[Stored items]
::::::
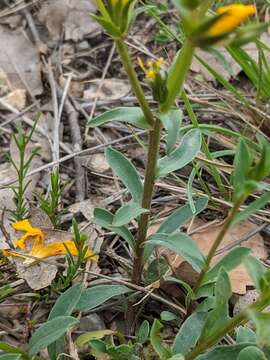 Imagem de Linum campanulatum L.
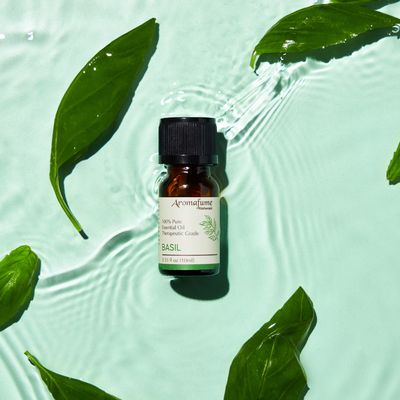 Basil Essential Oil | 100% Pure Aromatherapy Oil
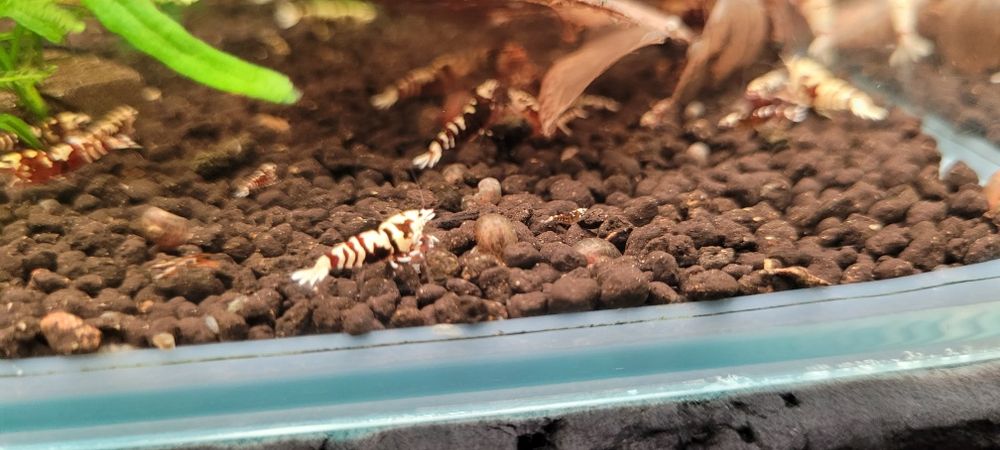 Krewetki galaxy tiger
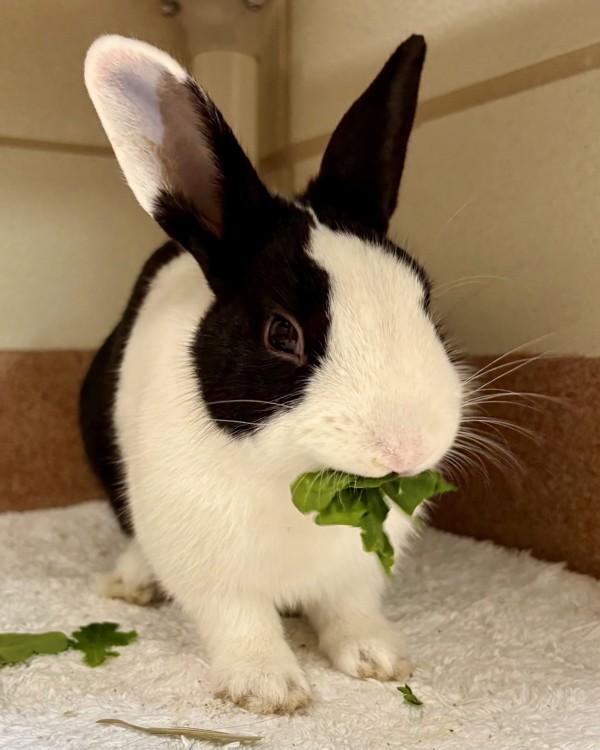 Enlarge Manuel, a Adoptable mixed breed in Novato, CA image 1/2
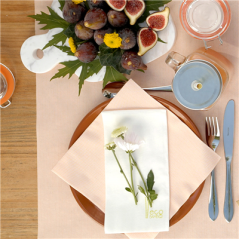 Image SERVIETTES P.1/8 'ECO-BAMBOO' 70 G/M2 40x40 CM BLANC BAMBOU (600 UNITÉ) #4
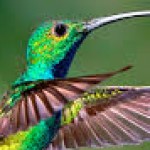 Foto del perfil de Aurora Boreal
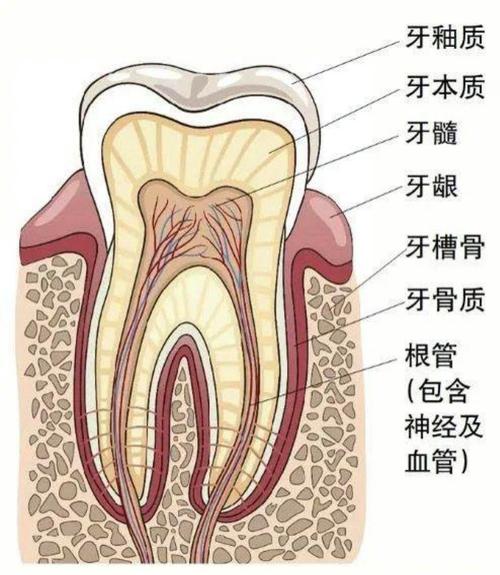 牙髓炎是什么意思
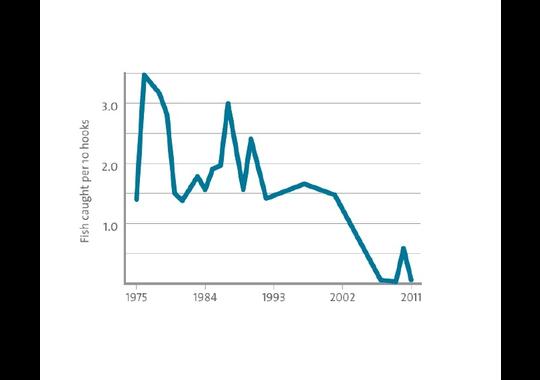 McMurdo Sound toothfish catch rate.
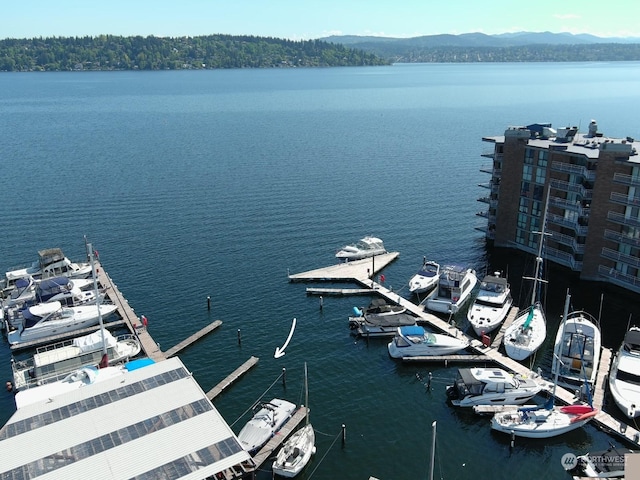 exterior space featuring a mountain view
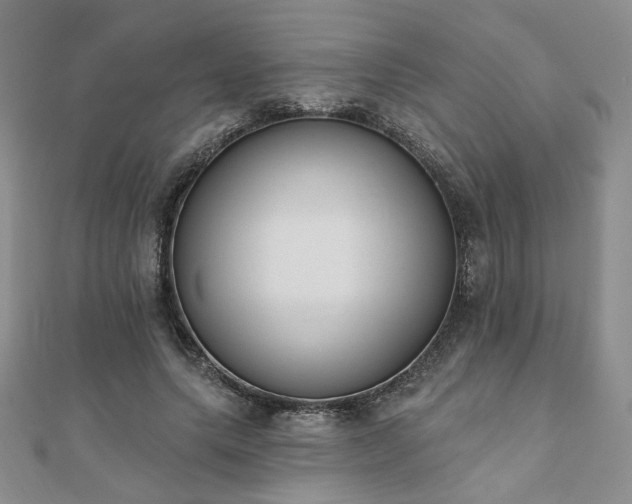 X0000110900639200906181323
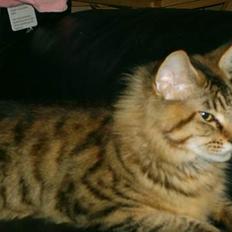 Maine Coon brogrens geisha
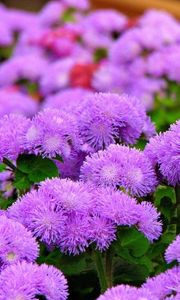 Preview wallpaper ageratum, flowers, fluffy, leaves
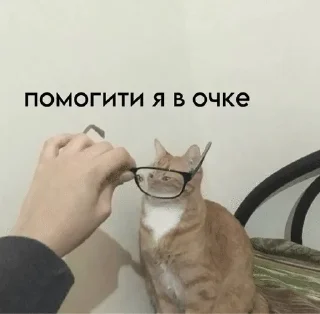 🌟 emoji Работаем, друзья Telegram sticker 13 of 51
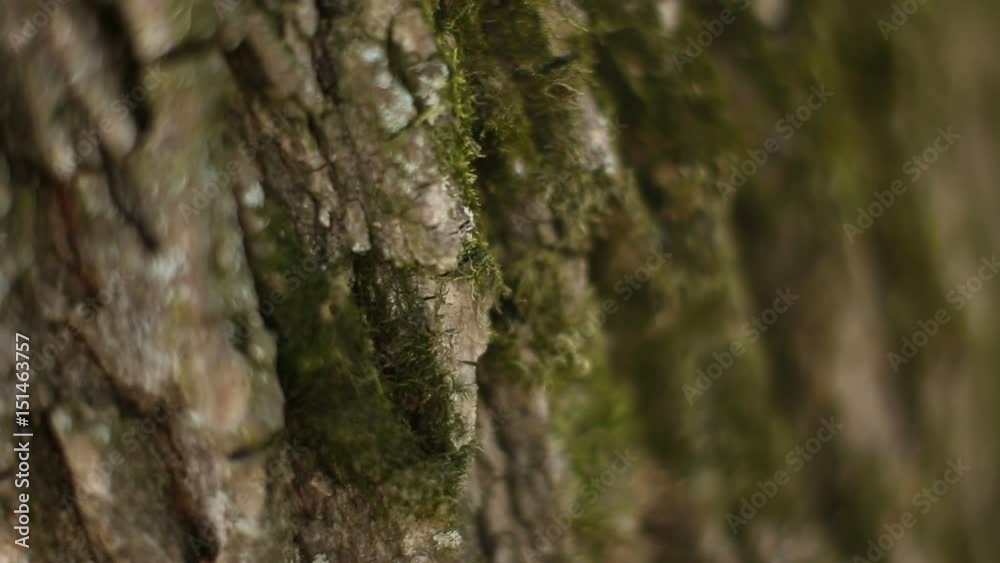 Tree bark texture macro Tree bark texture macro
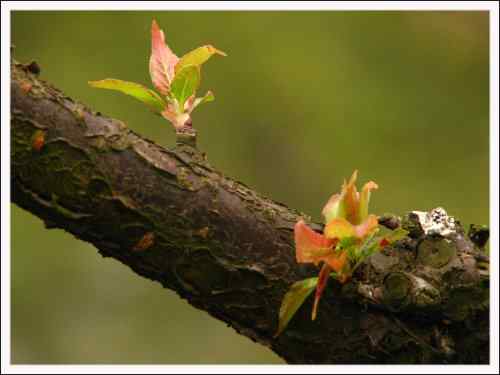 鸟路风景 东湖观鸟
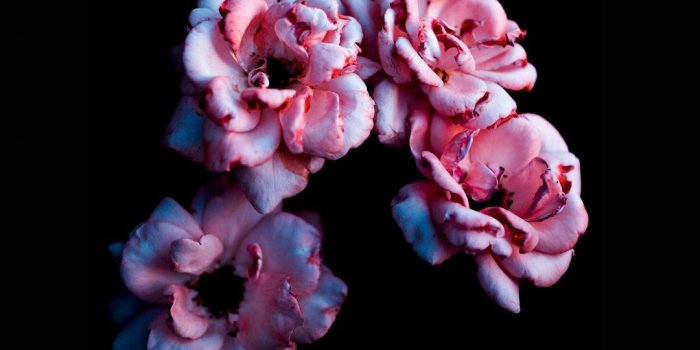 1080x1920 Flowers Wallpaper For Iphone X - Flowers Healthy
::::::
Work to complete —
The pictures stay out; repeat exactly the lines from the one with "Krewetki galaxy tiger" to the end of the entries above, and nothing else.

Reply —
 Krewetki galaxy tiger
 Enlarge Manuel, a Adoptable mixed breed in Novato, CA image 1/2
 Image SERVIETTES P.1/8 'ECO-BAMBOO' 70 G/M2 40x40 CM BLANC BAMBOU (600 UNITÉ) #4
 Foto del perfil de Aurora Boreal
 牙髓炎是什么意思
 McMurdo Sound toothfish catch rate.
 exterior space featuring a mountain view
 X0000110900639200906181323
 Maine Coon brogrens geisha
 Preview wallpaper ageratum, flowers, fluffy, leaves
 🌟 emoji Работаем, друзья Telegram sticker 13 of 51
 Tree bark texture macro Tree bark texture macro
 鸟路风景 东湖观鸟
 1080x1920 Flowers Wallpaper For Iphone X - Flowers Healthy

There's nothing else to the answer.